Tuesday, September 3, 2019

Picture it! A Baseball Diamond. You Were 10.


Picture it! Sicily. 1922. 

Okay. Maybe not. 

But really, picture it. Rhode Island. Late 1900s. A youthful looking tomboy stands at shortstop for her AAA Little League team. All of a sudden a male of indiscernible age, but most likely 40s, steps out of the dugout. Her dugout. He heads towards the pitcher’s mound and waves that little girl over from her very comfortable and nicely tended to position. The coach takes the baseball out of the hands of the young boy on the mound and hands it to her. She stares at the ball now in her glove. She thinks to herself, “But I don’t pitch.” She looks back up at the man and eventually says, “Okay.” 

That little girl is you. Really, it's me, but for the purpose of this story and to have more of an emotional impact, it's you. 

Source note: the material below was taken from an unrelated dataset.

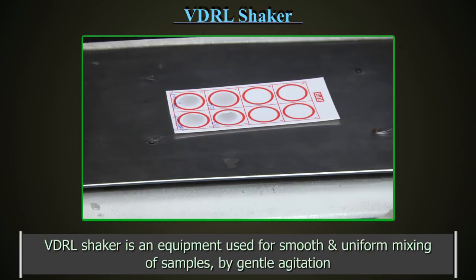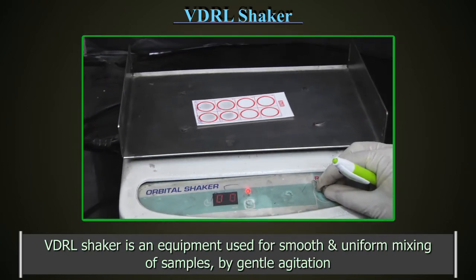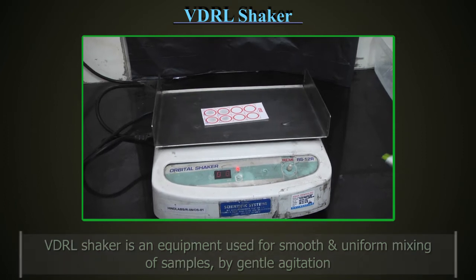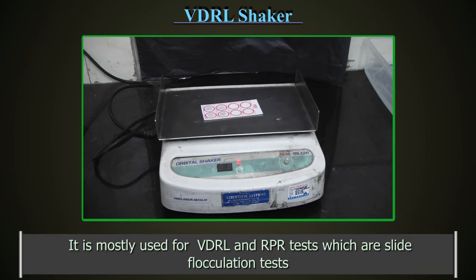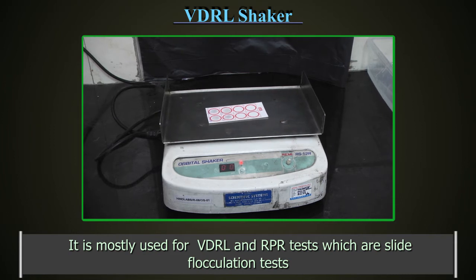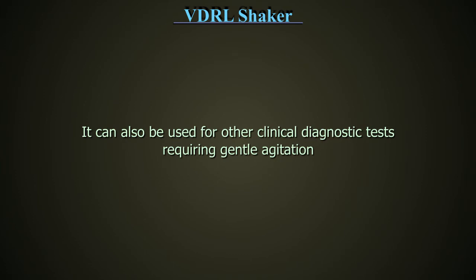VDRL Shaker is an equipment used for smooth and uniform mixing of samples by gentle agitation. It helps to standardize the process of testing. It is mostly used for VDRL and RPR tests, which are slight flocculation tests. It can also be used for other clinical diagnostic tests requiring gentle agitation.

You throw you’re allotted warm up pitches and the umpire calls for play to resume. You walk back to the rubber where you perch yourself slightly higher than everyone else on the diamond, which is hard because you're really, really tiny. Then it hits you, “The bases are loaded. And there are no outs. And it's the 6th inning.” As quickly as those thoughts come you just as quickly brush them aside: you’ve got a job to do. 

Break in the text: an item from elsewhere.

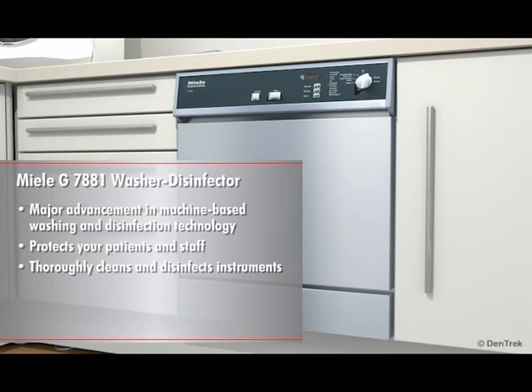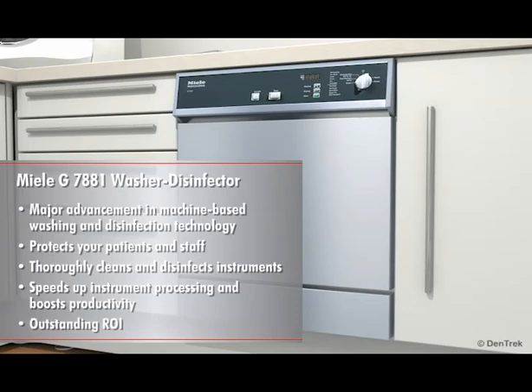So that the autoclave can effectively complete the sterilization process. You will also see how using the Miele G7881 speeds up instrument processing and boosts productivity, making it a smart purchase with an outstanding return on investment.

None of that matters at this moment. It doesn’t matter that you are down by a lot of runs because it's the last inning and the game’s pretty much over anyway. It doesn't matter that you know your team most likely won't be able to come back to win in the bottom of the inning. You don’t quit. You try your hardest. Because that’s who you are. So you start pitching. You get strikes called. You get balls called. Then you… actually... strike someone… out? Cool. One out. Bases still loaded. No runs in. 

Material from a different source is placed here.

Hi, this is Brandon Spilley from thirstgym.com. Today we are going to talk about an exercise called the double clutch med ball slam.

You pitch to the next batter and… he hits… a dinky pop up… right in front of the pitcher’s mound? …all right. You easily catch the pop fly. Two outs. Bases still loaded. No runs in. 

Then you pitch to the next batter. 

And the next and the next and the next because your unbelievable lucky streak was really what you expected, a fluke. You’re there for what seems like hours in a never-ending inning that doesn’t matter anyway and never really did. You were just filler. A girl. An inconsequential girl who wasn’t believed in and wasn’t expected to come through in any way so why worry about it?

OR. 

You pitch to the next batter who barely makes contact and hits a slow roller up the third base line. Being the amazing and quick infielder you really are you scoot over to the ball, field it cleanly and easily tag the runner heading towards home from third base. After the runner is called out you turn around, toss the ball back towards the mound in a never-before-seen mic drop as you turn back around and trot across the baseline into your dugout. Three outs. Bases were loaded. No runs in. You think to yourself, "It's alright fellas, I got this." 

It’s not until much later you think, “Did the coach really even care? Was I just a position player being thrown in to save the arms of the real pitchers? Did he really expect anything from me?” Doesn't matter. Because you came to play. And when you play, you fucking play hard.